• _Collected material_:
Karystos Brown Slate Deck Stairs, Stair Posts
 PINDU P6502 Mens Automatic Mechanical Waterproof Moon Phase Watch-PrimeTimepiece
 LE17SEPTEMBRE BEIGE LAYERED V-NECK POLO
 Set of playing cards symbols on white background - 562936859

• _Exercise prompt_: In full and without alteration, transcribe the listing above.

• _Exercise result_:
Karystos Brown Slate Deck Stairs, Stair Posts
 PINDU P6502 Mens Automatic Mechanical Waterproof Moon Phase Watch-PrimeTimepiece
 LE17SEPTEMBRE BEIGE LAYERED V-NECK POLO
 Set of playing cards symbols on white background - 562936859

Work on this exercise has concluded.